Instructions for the task >>
Begin at the line with "Mugshot of JESSICA MARY PISARIK" and set down each line exactly until the listing ends. Images stay out.

"""

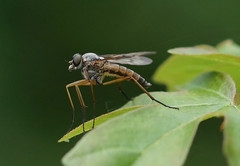 Snipe-flies--Rhagionidae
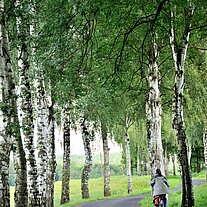 Gaby mit dem Fahrrad in der Birkenallee
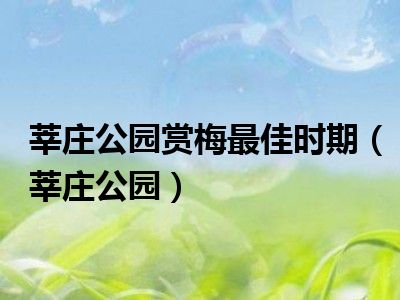 莘庄公园赏梅最佳时期（莘庄公园）
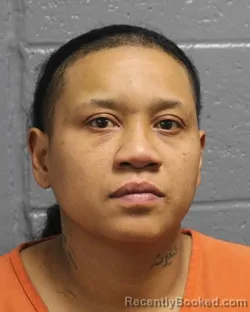 Mugshot of JESSICA MARY PISARIK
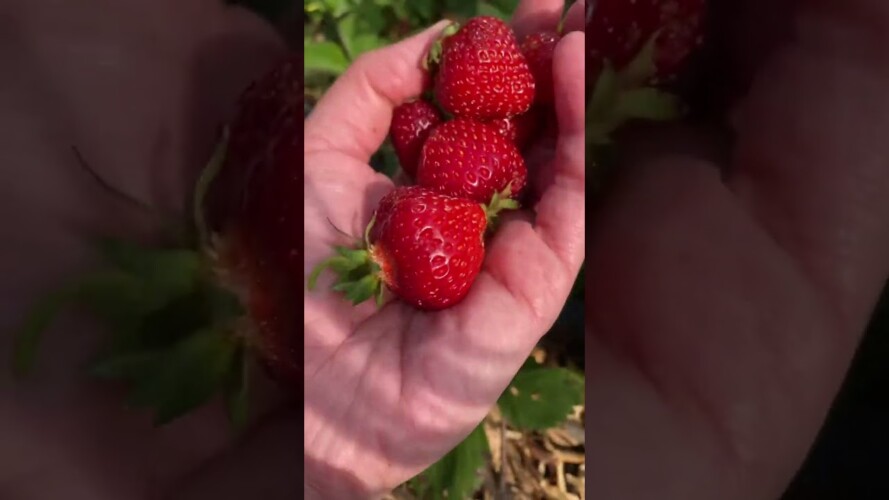 June harvest #gardenharvest #harvesttime #gardening #harvest #growfood #strawberryharvest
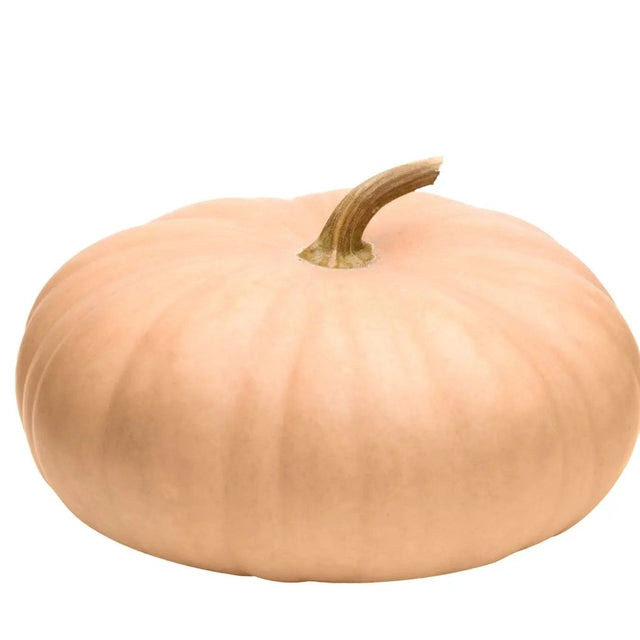 Pumpkin Seeds - Long Island Cheese - Alliance of Native Seedkeepers - Vegetable Seeds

"""

Expected output >>
 Mugshot of JESSICA MARY PISARIK
 June harvest #gardenharvest #harvesttime #gardening #harvest #growfood #strawberryharvest
 Pumpkin Seeds - Long Island Cheese - Alliance of Native Seedkeepers - Vegetable Seeds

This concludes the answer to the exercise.